Around 2011, I joined the British Army. My time with the armed forces was eventful, with only being in a few weeks I had started a passive income business of renting out adult magazines to the squaddies due to lack of internet! I had some great pals and felt like part of a family separate from my own. However, my time was cut short when I injured my knee during a TAB (Tactical Advance into Battle) The TAB was around 6 miles long, if I remember correctly. At the very start of the TAB I felt my knee move out of position and then return within a split second creating an enormous shooting pain up the inside of my leg and around the whole knee area.
I knew something bad had happened and seconds after my injury became apparent I started to slow down considerably. I kept on pushing through the pain and distance. My platoon by this point were leading the way by about 100m. The ambulance was following me, I could almost feel my heels skiff its front bumper it was that close. My section commander asked to relieve me of my kit and weapon to which I disagreed and continued to carry myself, my kit and my dignity across the finish line.
This giant demonstration of self perseverance and physical fortitude unfortunately came with its consequences. After the TAB, It was on our schedule to go to the ranges for contact drills and then head out on a 3 day exercise. Needless to say I completed everything I had scheduled for that part of training and in return my knee was completely obliterated.
After receiving the news that I had to leave training almost brought me to my knees and some might say that it did, it was one of the most disheartening, shocking and lowest points of my life, however that didn't stop me!
Going through the Army discharge process was sickening as it was such a huge passion of mines to be a part of the British Army. I would try and hide in rooms where other trainees or soldiers were carrying out their duties in order to "blend in" was I loosing my mind or was I just unhappy that I was getting sent home?
Arriving back at home I didn't know where to begin with rebuilding my life. Although I was young and could easily fix my situation, I almost gave up and started feeling sorry for myself. I knew this wasn't right and I knew one thing that would bring me back... the great outdoors!
I packed some kit - knife, ferro rod, metal water container, mess tins and some risotto. I headed out to a big reservoir with some surrounding forest. The weather wasn't the best on the lead-up to my outing, everything was soaked. Once I found a spot to set up camp, I began to collect firewood and tinder. The tinder was saturated with water and it took me a lengthy 5 hours and 30 minutes to start a fire. This was the first time I had used a ferro rod so starting a fire with one was a challenge especially since all the materials were soaking wet!

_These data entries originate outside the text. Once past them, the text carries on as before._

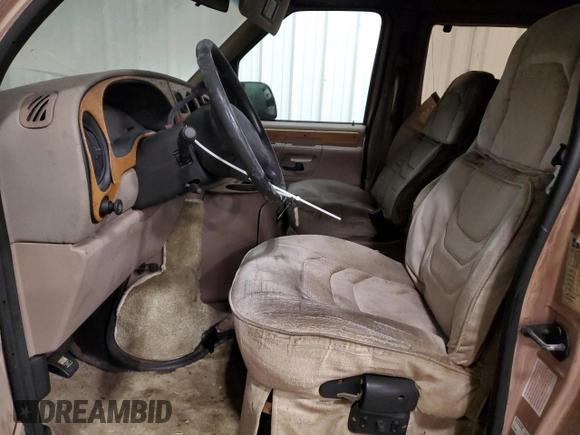 1997 Ford Econoline Commercial z VIN 1FDEE14L0VHA01896, wystawiony jako Copart lot #43561985 z przebiegiem 203 840 mil mil oraz Nie do naprawy. Historia ofert i sprzedaży dostępna na DreamBid. Obrazek 7.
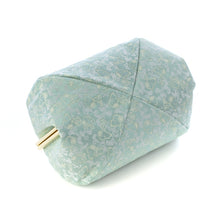 Load image into Gallery viewer, Cosmetics Container &quot;KARAKUSA SNOOPY(green)&quot;
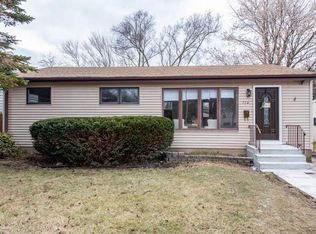 716 Landon Ave, WINTHROP HARBOR, IL 60096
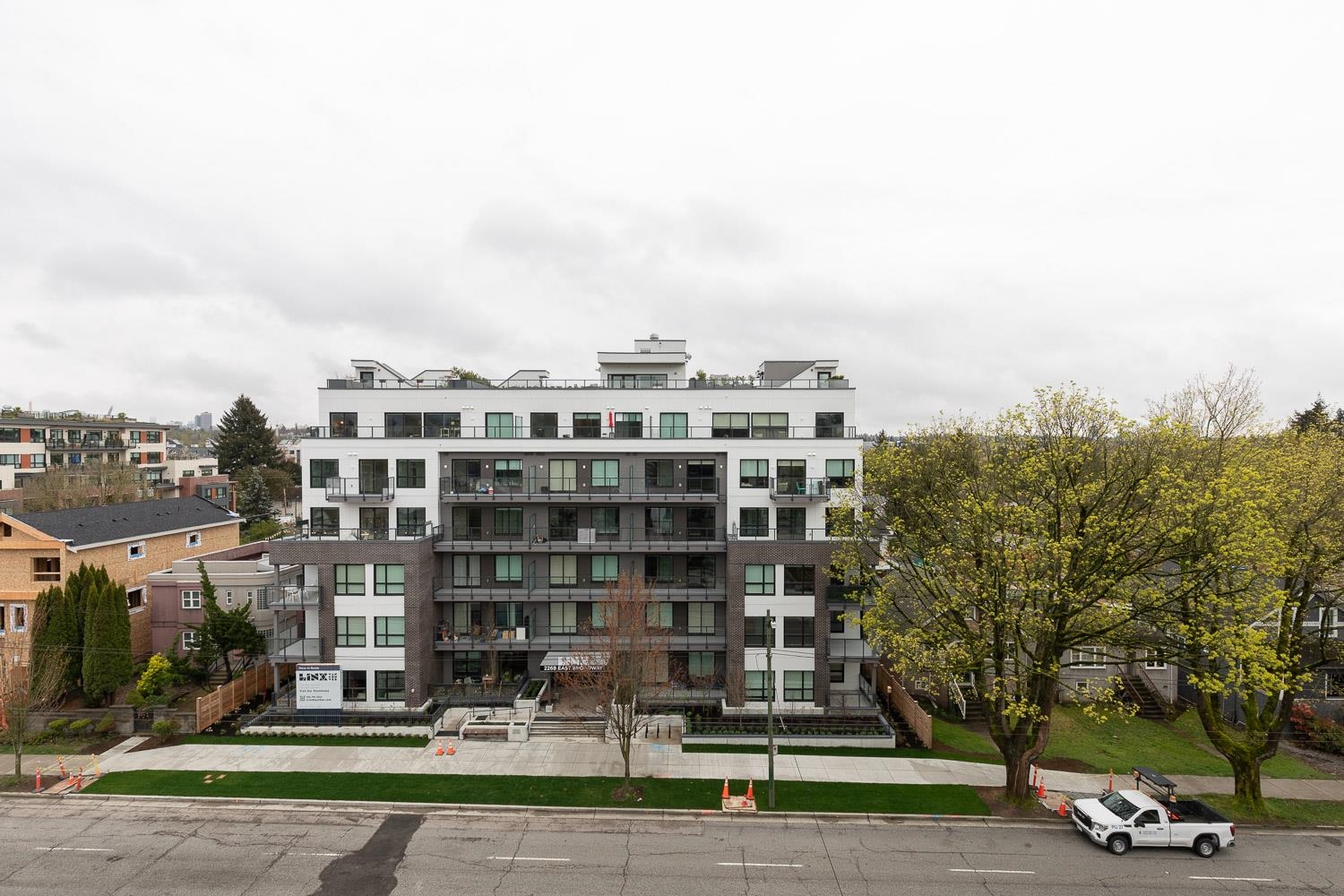 602 2235 E Broadway Vancouver, BC - 19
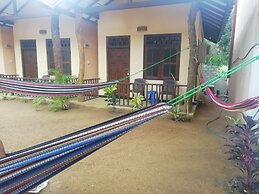 Surf & Relax Inn Arugambay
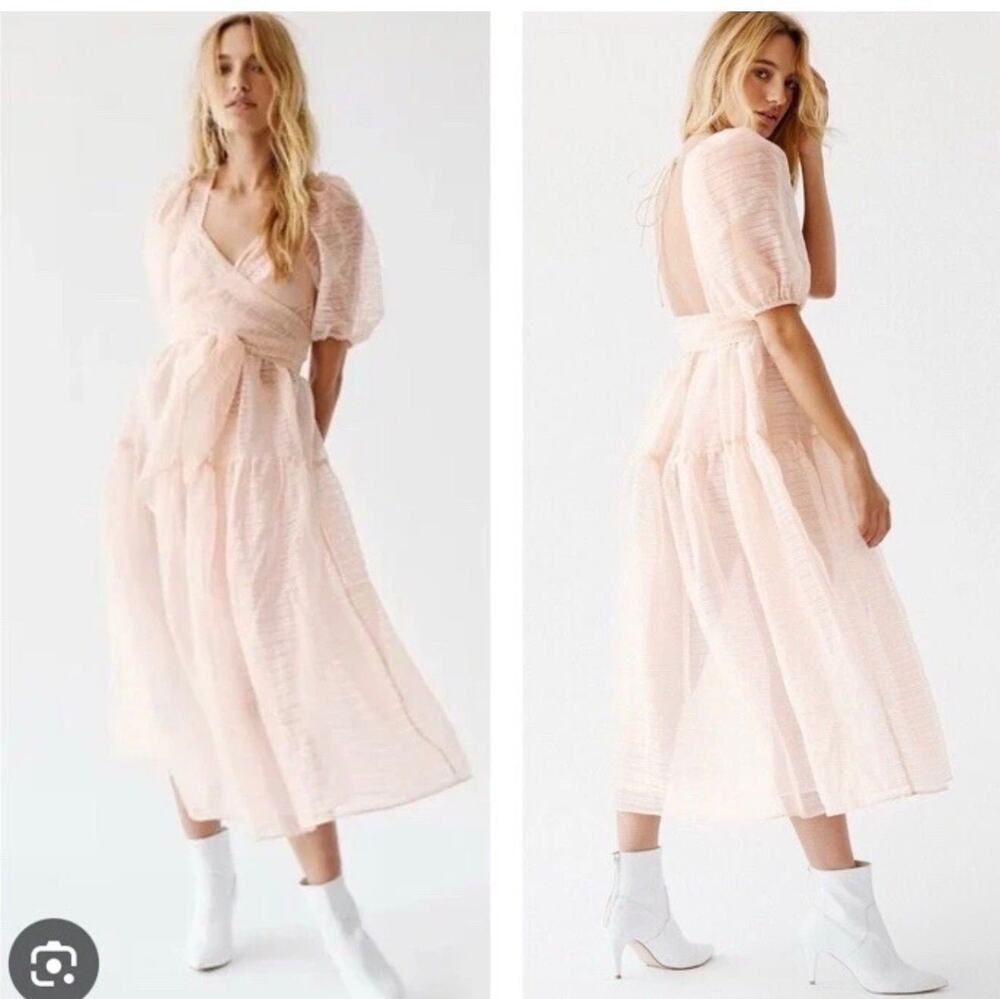 NWOT Free People Hailey Midi Dress in a peach Size 4 small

I got my fire stoked, made a bed with spruce branches under an overhanging tree, filtered water from a puddle using my sock, charcoal and pebbles and sat by the fire with a nice hot tin of risotto. The night drew in pretty quickly, probably because I spent so much time starting a fire. It was eerily dark, I was alone, I was gazing into the fire which was so bright I couldn't see past the flames and then from out of the darkness, BOOM!! The sound of a shotgun echoed throughout the whole forest. My inability to see beyond the fire heightened my vulnerability. My first though was "Who in the right mind would fire a shotgun in pitch black" my young mind started imagining the worst - was it a mob murder, was kids who stole their parents shotgun or was it someone looking for an escape. I got as low as I could, listening for any slight noises or clues as to what the noise was. An hour past and nothing more was heard, I relaxed and started to enjoy the rest of the night.
Night time felt long, I would wake up cold as the fire was just about to go out. The fire wood was gently stacked behind me acting as a fire wall and also a means of easy access to firewood during the night, this is my preferred way to sleep in a time of survival.
Morning came and what a beautiful sight it was. The night was long, cold and unpredictable. I had learned a lot but more so I put my theory skills to practical use. I was met with challenging circumstances such as all the material being wet and my general fire lighting skills never being tested in a real life situation until now.
Life is tough, just like survival, we are on this earth to survive and learn. Learning doesn't come easy and survival is anything but easy. What we have as humans though is a conscious mind, perseverance, hope, wonder, sacrifice and determination. If we can use all of these assets we are born with then there are no limits to what we can ultimately achieve.